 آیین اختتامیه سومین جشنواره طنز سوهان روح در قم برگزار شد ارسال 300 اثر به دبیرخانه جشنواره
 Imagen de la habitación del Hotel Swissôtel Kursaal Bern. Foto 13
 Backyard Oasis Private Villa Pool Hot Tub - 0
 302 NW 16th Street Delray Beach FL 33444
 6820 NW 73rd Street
◆ ◆ ◆ ◆ ◆ ◆ ◆
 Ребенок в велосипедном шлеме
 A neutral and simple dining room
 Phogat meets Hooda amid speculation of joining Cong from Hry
◆ ◆ ◆ ◆ ◆ ◆ ◆
In the records above, the line with "A neutral and simple dining room" marks the start and the line with "Phogat meets Hooda" marks the end; copy that stretch exactly, both lines included, and nothing else.

» **Exercise result**
 A neutral and simple dining room
 Phogat meets Hooda amid speculation of joining Cong from Hry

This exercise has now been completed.